Florida’s win wasn’t dominant, but it was promising

0 Comments

WASHINGTON – If you simply look at the box score or read a game recap from Florida’s 67-48 win over American on Sunday afternoon, you will probably get the feeling that Florida struggled.

The Gators didn’t really take control of the game until late in the first half, heading into the break up nine. After building a 15 point lead in the second half, they allowed American to get as close as seven. And this coming from a team that was supposed to compete not only for an SEC title, but potentially a Final Four as well.

It wasn’t a dominating performance by any stretch of the imagination.

It was, however, a bit promising.

The knock on the Gators the past two seasons is that they rely too heavily on a back court that is terribly inefficient. Erving Walker and Kenny Boynton are both capable of being big time scorers, but neither is a pure point guard. You’re as likely to see a contested three of the dribble as you are an assist from those two. As head coach Billy Donovan said earlier in the week, “We have a bunch of guys on the floor that make nobody better.”

This season, however, you can see Billy Donovan’s club starting to make the transition to a team that is more balanced. Chandler Parsons has developed into the kind of talent that will garner attention from teams picking in the first round of this June’s NBA Draft. Vernon Macklin has shown flashes of being a reliable scoring option on the block. And between Alex Tyus, Erik Murphy, Patric Young, and Will Yeguette, Donovan has plenty of front court depth.

The key, however, lies with Boynton and Walker.

Are they willing to sacrifice shots in order to get their teammates better shots?

Today, they were.

Florida finished the game with six players taking between seven and nine shots from the floor. Four of those guys had between 12 and 16 points. Walker led the way with 16 points, but he only needed seven shots to do so. Six of those shots were threes, and each of the six threes that Walker took were good shots. They were in rhythm, they were open, and each of the four he hit were big. For example, it was Walker’s three in transition that ended American’s 9-0 run which cut a 16 point lead to 45-38.

The same could be said for Boynton. He took six threes and, with the exception of the three he took at the halftime buzzer, its difficult to label any of the shots he took as bad shots.

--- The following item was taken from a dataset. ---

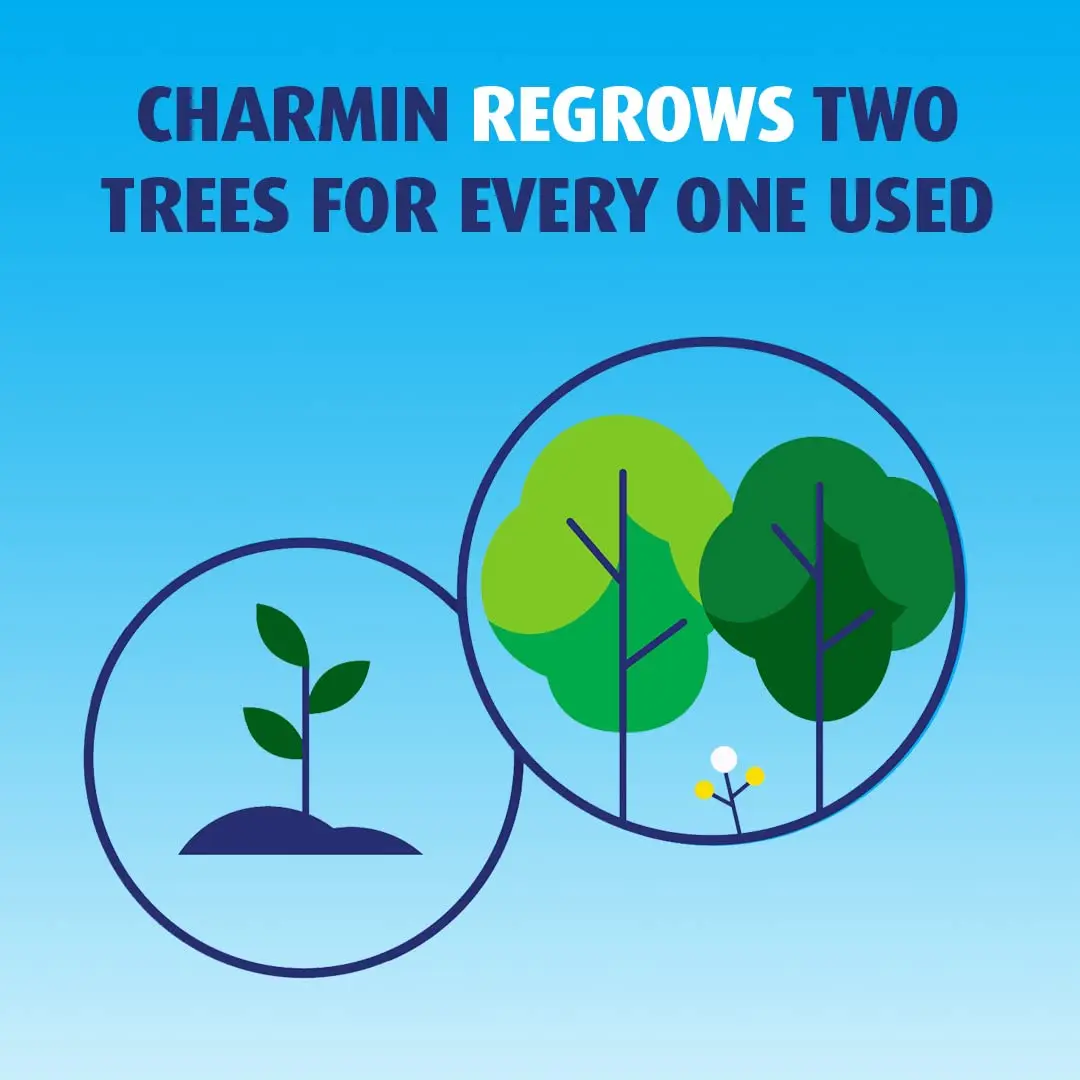 New Arrival of High Quality Charmin-Ultra Strong Clean Touch Toilet Paper In Stock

He just didn’t make any of them. Boynton finished 0-9 from the floor, 0-6 from three, and didn’t score a single point. But he also notched an 0-fer in another column on the box score — turnovers — while also adding seven assists.

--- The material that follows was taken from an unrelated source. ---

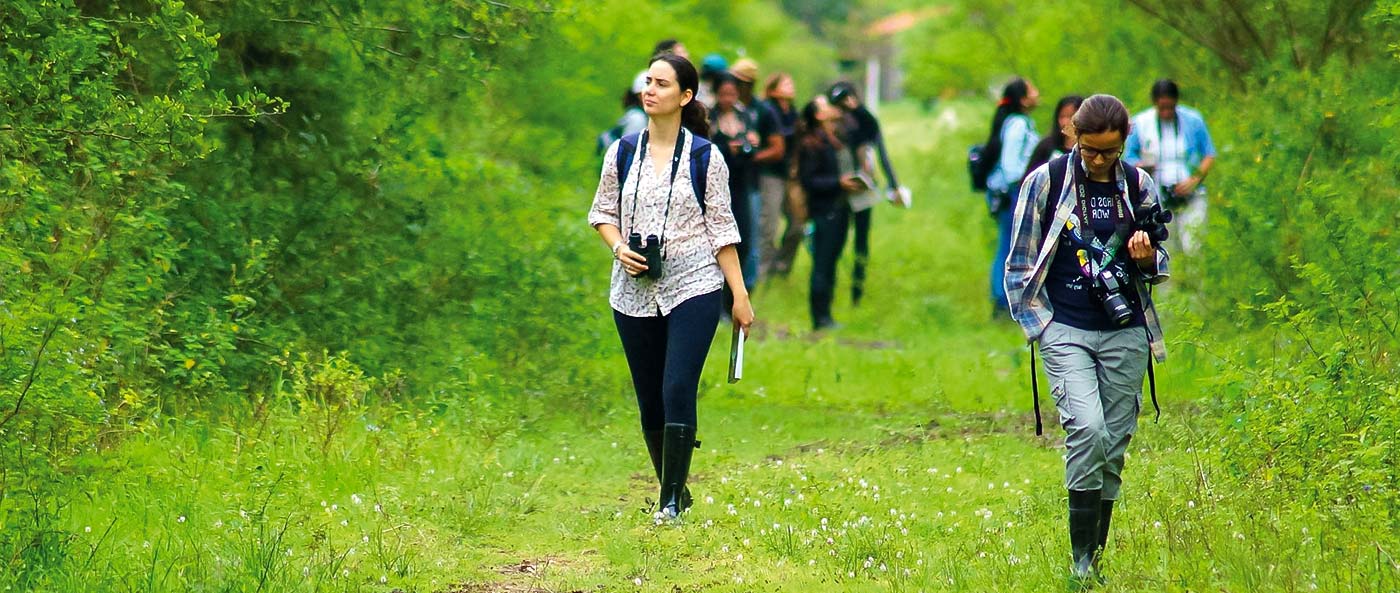 Viaje de observación de aves a Chaco’i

Boynton may have gone 0-9 from the field, but he took the kind of shots that Donovan can live with him taking. Boynton is too good to continually miss that many open looks.

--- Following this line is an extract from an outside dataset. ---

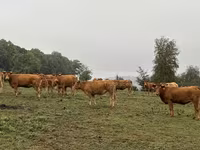 Krowa, Krowa limuzyńska — zdjęcie 4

The biggest issue with the Gators right now is that they seem to be a team without an identity. Is this Walker and Boynton’s team? Is Parsons, the most versatile player are arguably the best playmaker, the leader? Is this a group that relies on their deep but inconsistent front court?

The answer to that question will likely change as the season progresses.

But the one thing we do know right now is that Florida will be at their best when Walker and Boynton are playing, and making shots, within the offense.